Its a lot of work and money to do all this. My current boxlosophy on this subject is that we soak all the cleats but skip on the boxes. Soaked cleats get 2x painted and poly'd at any water entrance points. Water is not so bad on well painted boxes. The problem I have seen is that rot issues always happen where the soak in or the puddling is the worst. At cleat junctions or box end cuts...


----------



## HarryVanderpool (Apr 11, 2005)

Honey-4-All said:


> My current boxlosophy on this subject is ......


Now THAT was funny!!


----------



## Brian Suchan (Apr 6, 2005)

Works great especially if u dip the pallets every few years. Really prolongs the life of them. I buy mine at a place 20 miles west of me its cheaper than $210 i could drop it off next time headin 2 laramie


----------



## NE Beekeeper (Dec 4, 2012)

westernbeekeeper,

I think you will like the Cu-nap. Check out Copper Care Wood Preservatives in Humphrey, Ne. They are great guys and I have known them for years. Shipping will get you, I was able to pick mine up. Are there any electrical utility/pole companies near you? I'll bet a friendly trade might net you some Cu-nap cheaper. They buy the stuff by the barrel. 

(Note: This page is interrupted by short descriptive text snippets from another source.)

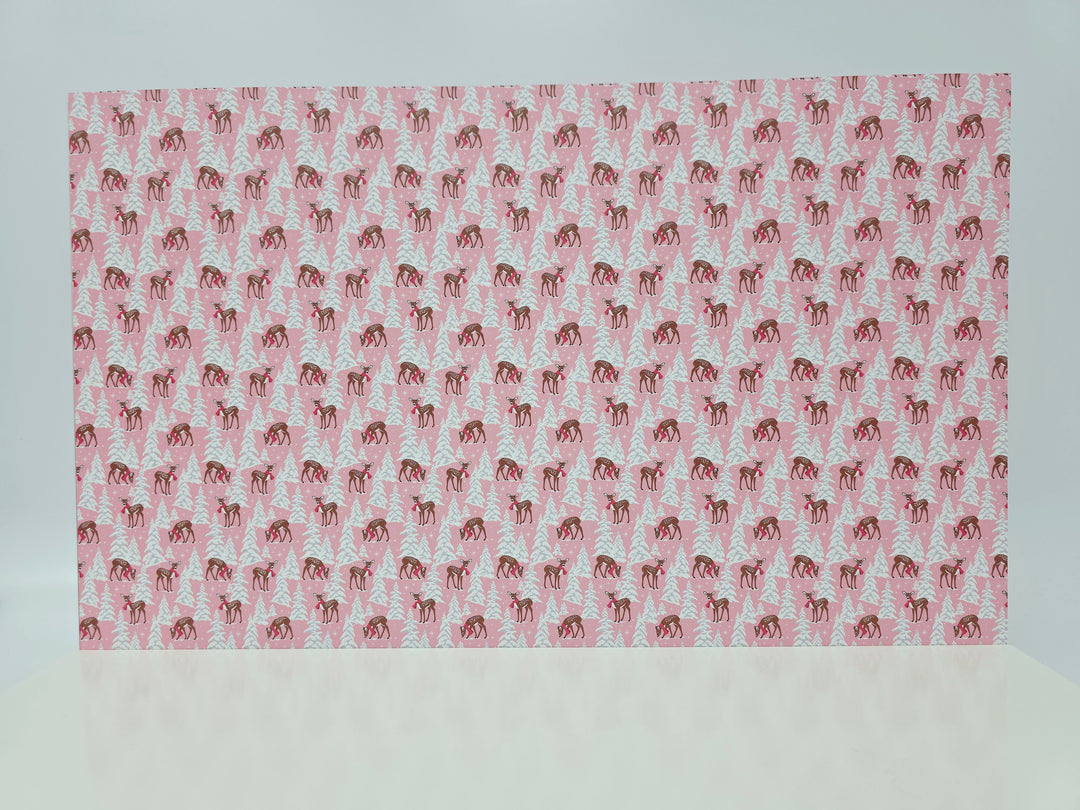 PatternPly® Full Coverage Fawn in the Snow Pink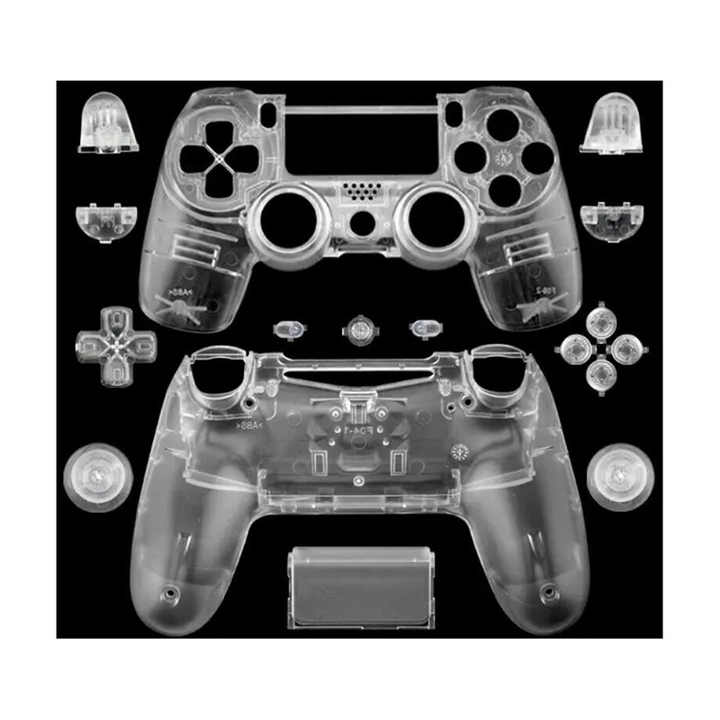 PS4コントローラーシェル用にカスタマイズされた透明クリア
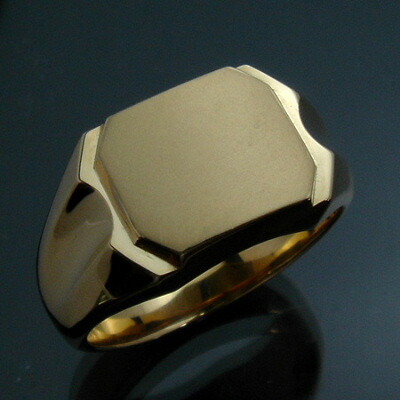 楽天市場 ご注文後5 Off メンズリング 印台 J 6 18金 K18 イエローゴールド 指輪 メンズ Mens 男性 リング Ring Mensring エメット ジュエリー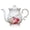 Rose, variant on European Style Ceramic Flower Teapot Coffee Pot Water Pot Porcelain Gift Large 5.5 Cups (1, Rose)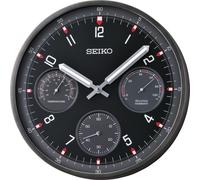 Seiko QXA823K Horloge murale Thermomètre Hygromètre Anthracite/Noir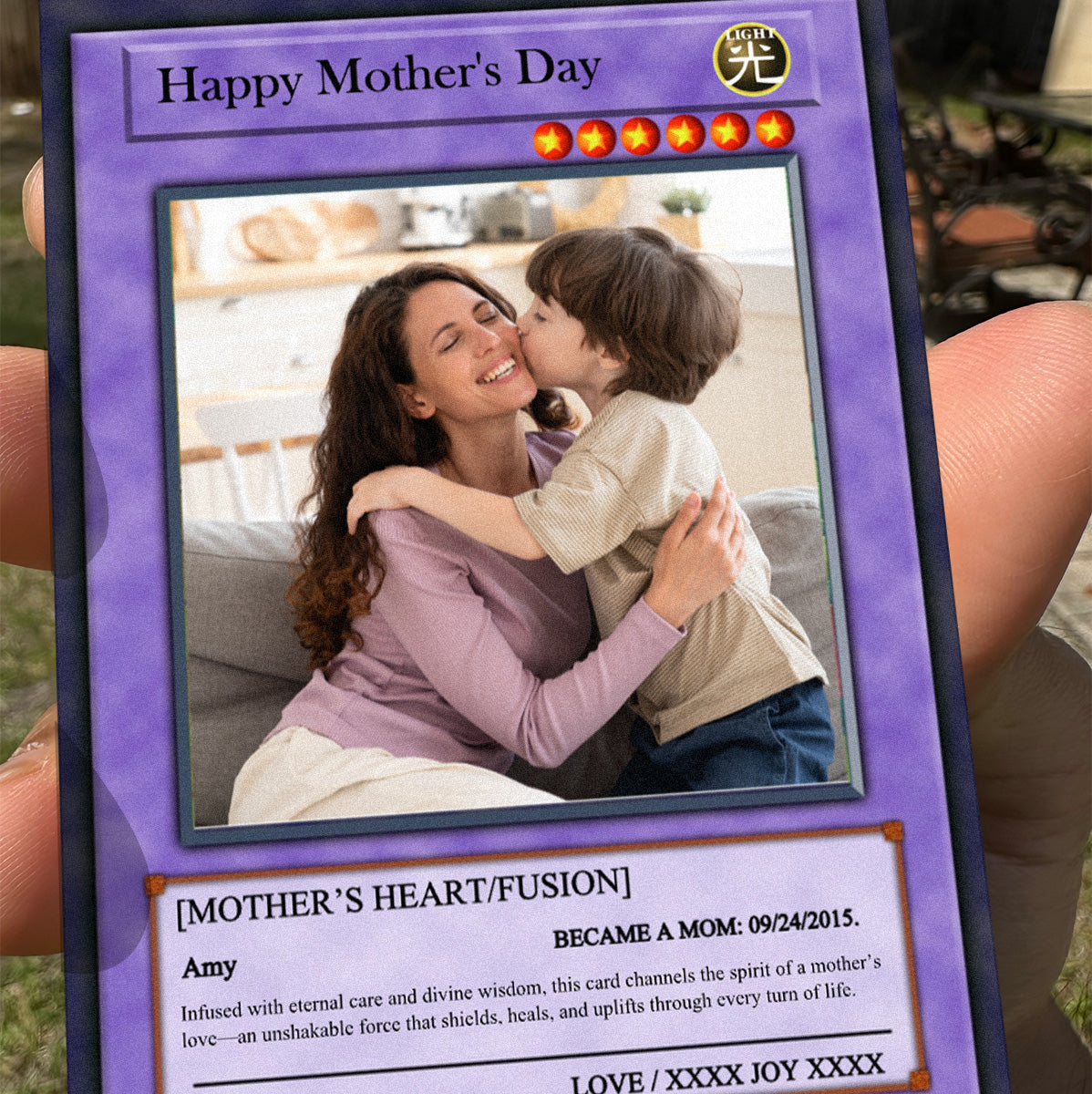Yu-Gi-Love Mother's Day Card - Photo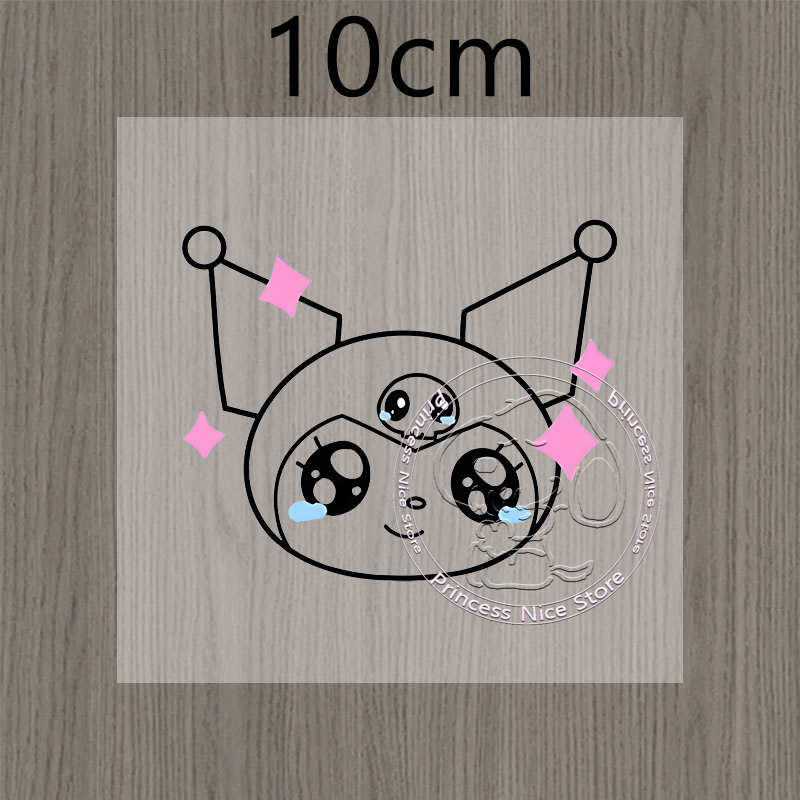 카와이 라인 쿠로미 스티커 자동차 소녀 정교한 10cm - Kawaii Tech Accessories 리뷰 및 가격
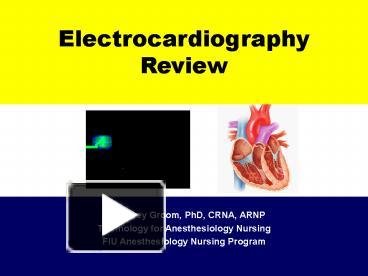 PPT – ECG Review PowerPoint presentation | free to view - id: 3e47d5-ZjRlM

I thinned the Cu-nap with diesel fuel. Regular pump diesel fuel will cost less than mineral spirits. Save your mineral spirits for painting something nice. I mix in a bit of used engine oil to make the mix a little heavier. A total concentration of 2% - 3% will work well.

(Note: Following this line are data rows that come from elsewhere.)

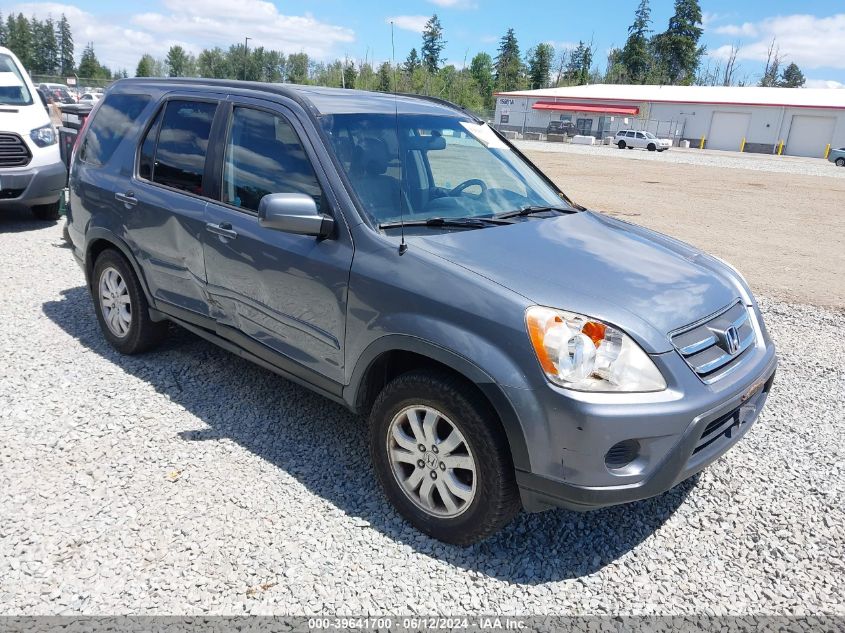 2006 Honda Cr-V Se VIN: JHLRD78906C038099 Lot: 39641700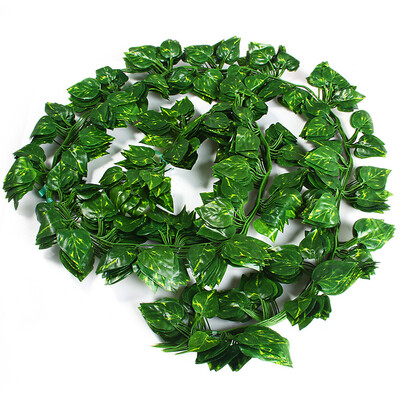

12pcs 2m Artificial Grape Leaf Rattans Simulation Plant Vines Home Decoration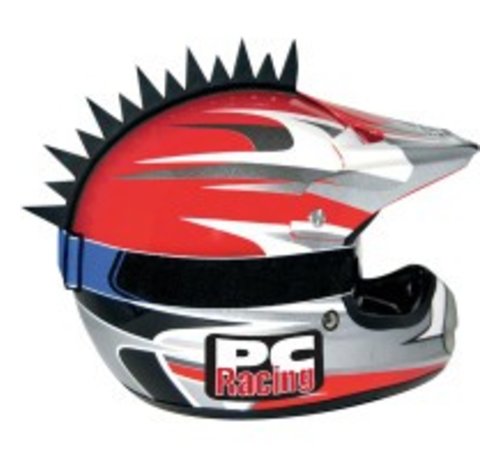 PC RACING casco Cuchillas Jagged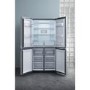 Refurbished Hotpoint HQ9B1L1 Freestanding 591 Litre American Fridge Freezer Stainless Steel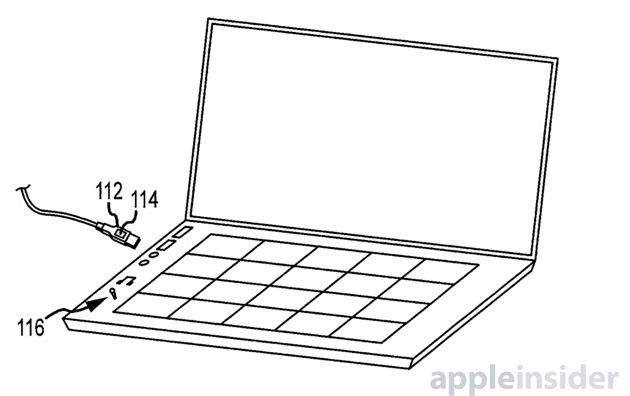 Apple patent - dotyk w laptopach grafika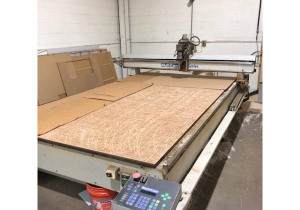Used Multicam Mg305 Cnc Router, 80” X 144” Table, New In 2000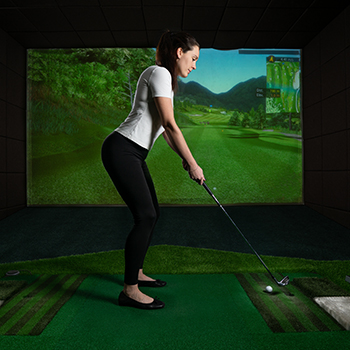 protect a golf simulator ceiling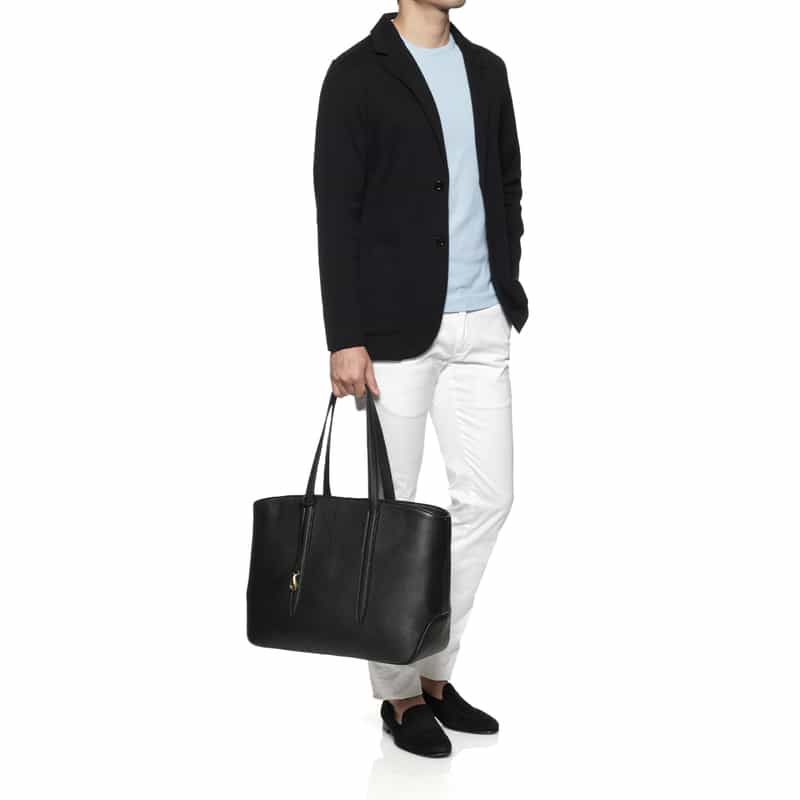 ETIAM ETIAM＜エティアム＞レザー トートバッグ BLACK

I paint my boxes. I treat my lids and pallets. I just mopped the mixture on. It penetrates really well and soaks in. I try to avoid getting it on the inside surfaces of the hive lids. I try to treat everything on a pretty warm day and let it sit out for a few weeks before I put it into service. It will smell quite strong for some time.

I think you will notice a difference on how well the wood weathers. Just a friendly heads-up, Advantec does not fair so well with diesel fuel. It does not destroy it, but it will delaminate some of the chip. Those lids have since been sanded and repainted.


----------



## westernbeekeeper (May 2, 2012)

Thanks, NE Beek. So I could get away with just treating my bottom boards/pallets an not painting?


----------



## NE Beekeeper (Dec 4, 2012)

westernbeekeeper said:


> Thanks, NE Beek. So I could get away with just treating my bottom boards/pallets an not painting?


That's my take on the matter. 

My intent with Cu-nap is to prolong the life of the wood in high moisture environments. Also I wanted to stop mold growth in wood that was in contact with the soil. In my portion of the state we have the very destructive season of mud. Painting wood in contact with the soil will help, but it will still rot underneath the paint. Consequently, I do not paint my pallets. The absorption of the Cu-nap deeper into the wood along with an oil based carrier really helps preserve the wood. I think in your drier climate you will have exceptional results, especially if you could dip them like stated above and give your wooden ware a good soaking time.


----------